Anaerobic bacteria, supposedly the oldest creatures on earth, are ubiquitously distributed in oxygen‐free niches such as soils, sediments, and intestines of higher organisms. Among the best‐studied anaerobic bacteria are clostridia, which play major roles in human and animal health, ecology, remediation, and industry. Because of their specialized anoxic catabolism, they are industrially used as solvent producers. An important example is Clostridium acetobutylicum, which has played a major role in the ABE (acetone, butanol, ethanol) Weizmann fermentation process for more than a century. Until recently, however, clostridia—and anaerobes in general—have been neglected as a source of non‐protein natural products. With the advent of massive genome sequencing and bioinformatics, it has become apparent that certain anaerobes have a rich and diverse biosynthetic potential. However, in most cases the gene clusters are silent and need to be activated by means of particular stimuli. Several genetic and chemical approaches to triggering biosynthesis have been applied to clostridia,[ , ] A range of antibiotics, such as closthioamides,[ , ] clostrubins, clostrindoline, antibacterial acyloins, and a new lipopeptide have been isolated from various clostridia. Mining the genome sequence of C. acetobutylicum pointed to a high biosynthetic potential. Apart from a small polyketide that has been implicated in the regulation of cellular differentiation or C. acetobutylicum, so far no secondary metabolites have been reported for these important industrial bacteria. Here, we report the discovery of an unusual, diarylsulfone metabolite from a C. acetobutylicum strain disturbed in sulfur metabolism, verify its unusual structure by synthesis, and evaluate its bioactivities.

To trigger the biosynthesis of cryptic natural products in C. acetobutylicum (DSM 792/ATCC 824), we compared the metabolic profiles of the wild type grown in standard media with those of cultures supplemented with potential elicitors. Generally, no secondary metabolites could be detected in the extracts of standard media. However, when we challenged C. acetobutylicum with supra‐physiological concentrations of l‐cysteine (1 mm) in the culture broth, the metabolic profile changed markedly in the highly unpolar region (Figure 1). We detected a new compound (1) with the sum formula C28H39O4S, deduced from its exact mass (m/z 471.2559 [M+H]+) obtained by HR‐ESI‐MS measurements (Figure S1). To obtain amounts of 1 that would allow for a full structural characterization, we subjected the ethyl acetate extract of 0.5 L culture to reversed‐phase HPLC to yield 0.2 mg.

Figure 1

Detection and structural elucidation of clostrisulfone. A) HPLC profiles (UV absorbance at 260 nm) of extracts from C. acetobutylicum cultures with and without cysteine (Cys) supplementation. B) Structure of clostrisulfone (1) and selected 1H‐1H COSY (bold line) and HMBC (arrow) correlations. 1 possesses the same substructure as Pmc chloride (2).

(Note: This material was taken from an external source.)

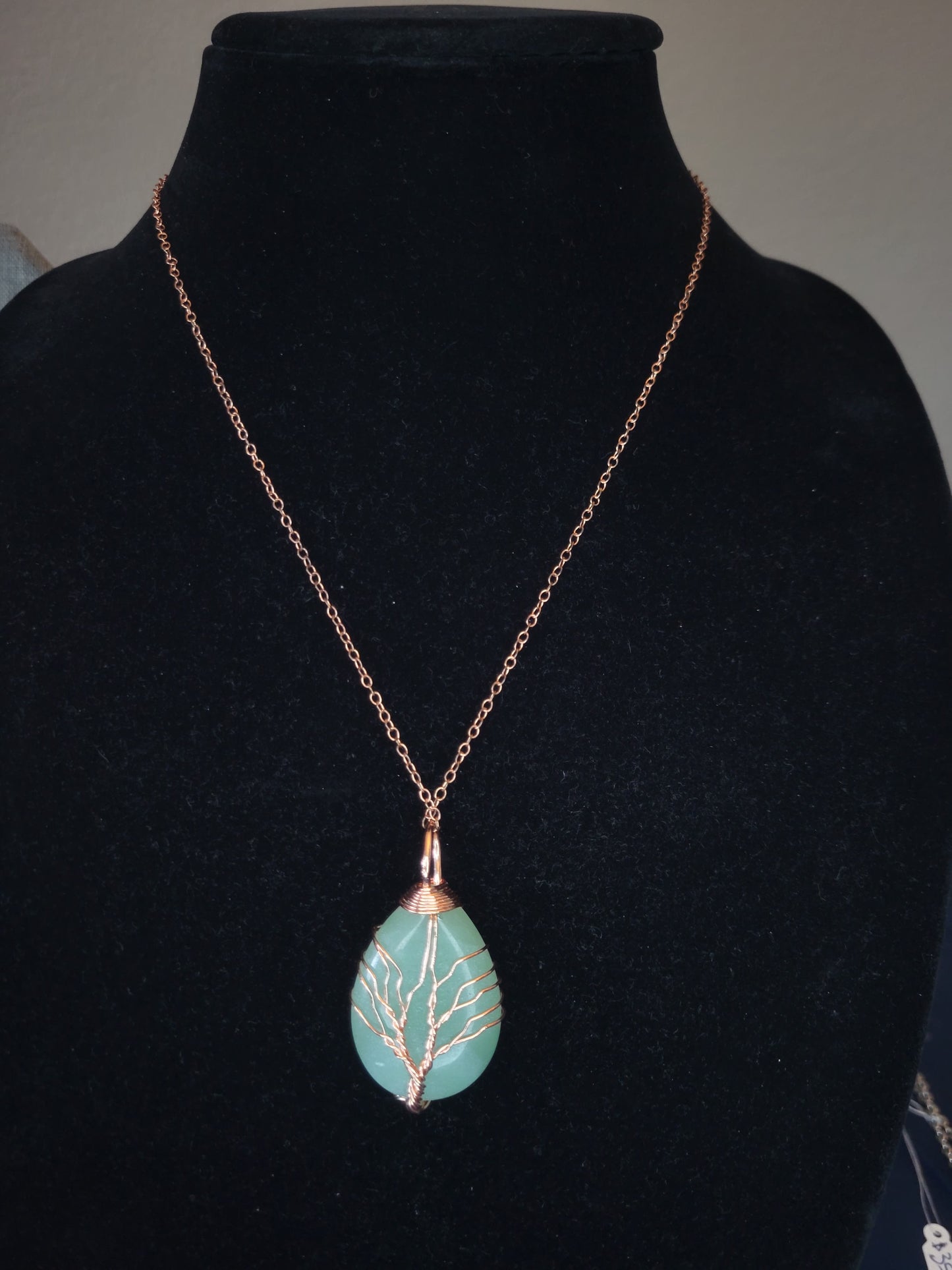 Wire Wrapped Tree of Life Aventurine Pendant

The 1H and 13C NMR spectra of 1 show an unexpectedly low number of signals, which is indicative for a highly symmetric structure (Figures S2 and S3). The DEPT135 and HSQC spectral analysis indicate that 1 possesses five methyl groups (Figures S4 and S6). By the HMBC correlations from 2,2‐Me protons (δH 1.27) to C‐2 (δ 74.0)/C‐3 (δ 31.8) and from methylene protons H‐3 (δ 1.78) to 2,2‐Me carbons (δ 26.3)/C‐3, the gem‐dimethyl moiety is connected to the oxy‐quaternary carbon C‐2 next to C‐3, which is adjacent to a methylene C‐4 (δ 20.4) according to a 1H‐1H COSY coupling signal between H3 and H4 (δ 2.55) (Figures S5 and S7). The HMBC correlations of three aromatic methyl protons and quaternary carbons, 5‐Me (δ H 2.21)/C‐4a (δ 118.5) and C‐6 (δ 134.6), 7‐Me (δ H 2.16)/C‐6 and C‐8 (δ 123.5), and 8‐Me (δ H 2.00)/C‐7 (δ C 134.17), C‐8, C‐8a (δ 153.5) revealed the presence of a fully substituted phenol ring. Finally, the HMBC correlations from H‐4 to C‐4a, C‐5 (δ 134.23), and C‐8a suggested that 1 harbors two 2,2,5,7,8‐pentamethyl‐6‐chromane moieties (Figure 1). Surprisingly, this substructure is the same as the Pmc (2,2,5,7,8‐pentamethylchromane‐6‐sulfonyl) protection group used for the arginine side chain. Since 1 could only be isolated in minute amounts, the presence of the sulfone bridge was initially deduced from HRMS data and the similarity of 13C NMR data of 1 and Pmc chloride (2) (Table S1).

To unequivocally confirm the unusual structure of 1 and to obtain sufficient amounts for bioactivity assays we aimed to synthesize the diarylsulfone. Therefore, we devised a short synthetic route involving a Friedel–Crafts‐type aromatic sulfonylation of chromane 3 with sulfonyl chloride 4, a reagent commonly used for arginine side chain protection. 2,2,5,7,8‐Pentamethyl‐6‐chromane 3 was prepared from 2,3,5‐trimethylphenol and isoprene (Figures S8 and S9). The SnCl4‐mediated coupling of 3 with 4 provided the target molecule (1) in good yield (70 %) (Figures S10 and S11). The proposed structure of clostrisulfone was verified by comparison of physicochemical data of the synthetic compound with the natural product. Owing to its biological origin and key structural feature we named this new compound clostrisulfone (1; Scheme 1).

Scheme 1

Chemical synthesis of clostrisulfone (1).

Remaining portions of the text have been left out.